The defense particularly had a tough time in the second quarter, as it spent most of the frame on the field because of Washington's offensive problems.
"Our defense was on the field I believe for 11 and a half minutes in the second quarter, in that heat, going up-tempo. I felt like it took its toll on our defense for sure," Sarkisian said. "We were subbing guys, we were trying to rotate guys, we just couldn't keep our defense off the field well enough to give them a chance to be refreshed, go out and play good football late in the second quarter. We missed a lot of tackles I think as a byproduct of that. I thought fatigue played into our inability to tackle them in some pretty obvious tackling situations."
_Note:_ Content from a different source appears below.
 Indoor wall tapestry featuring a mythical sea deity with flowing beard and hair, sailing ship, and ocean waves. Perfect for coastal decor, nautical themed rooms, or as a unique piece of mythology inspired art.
That showed up in the stat sheet, as well.
"I think we calculated we missed 20 tackles in the game ... and they had 109 yards of offense after contact. Those two numbers are pretty startling numbers, but I do believe that it's a direct result of them being on the field too much."
Sarkisian took the blame for a running game that produced minus-5 yards against the Sun Devils.
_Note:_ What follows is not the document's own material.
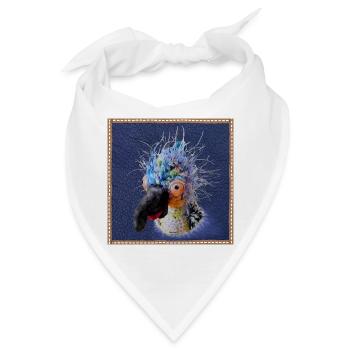 Krallo Kreisch™ Kultvogel Pop-Out Lederoptik blau - Bandana - Weiß - Vorne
"I can do a better job of protecting those guys (the offensive line). We didn't run the ball enough. We didn't run the ball enough in the second quarter," he said.
Junior running back Bishop Sankey, who entered the game leading the nation in rushing yards per game, had just 22 on 13 carries.
"I love running the ball, I love giving the ball to Bishop, and to go in and stand in front of you guys and look at the stat sheet and he has 13 carries in a critical ballgame of the season, that's not enough," Sarkisian said. "I just didn't think we gave that a chance, and that falls on me."
After such a taxing weekend, the Huskies had a short day of work Monday.
"We didn't practice today. I felt like for us we needed to regroup," Sarkisian said. "We had some lengthy meetings, we did a little bit of conditioning and we lifted."
Price's thumb still a concern
There will be a close eye throughout the week on senior quarterback Keith Price, who has been dealing with an injured thumb on his throwing hand for several weeks and completed a season-low 41 percent of his passes (16 for 39) against Arizona State.
"He's sore, his thumb is swollen, but I know Keith Price is a tough guy, he's a fighter, and he's gonna do everything in his power to be prepared and ready to play come Saturday night," Sarkisian said.
Price's thumb has certainly had an effect on his ability to throw.
"I just think at times the ball either has a tendency to sail or has a tendency to dive on him. To me, that's a result of when you don't have a great grip on the football and that thing just doesn't come out the same way every time," Sarkisian said. "When he misses sometimes the way he's missed the past couple of weeks, to me that's a direct result of the thumb not being where it needs to be, so I'm gonna assess that this week to make sure he's capable of making the throws that he's been capable of making for the last five years."
Sarkisian said there will be some tweaks to the air attack this week.
"There's gonna be subtle changes to what we do in the passing game to become more efficient, because I think we have the capability of being so. I think we have the personnel in place, the schemes in place to get that fixed."
• Sarkisian said he is "hopeful" that LG Dexter Charles, who missed the ASU game with a shoulder injury, will be able to play against Cal. Erik Kohler played in his place.
"Obviously I think a week off is helpful for (Charles). It's nothing structurally wrong with him, but hopeful we'll get him back," Sarkisian said.
He added that if Charles and Kohler could rotate against Cal, "I think it will be good for us."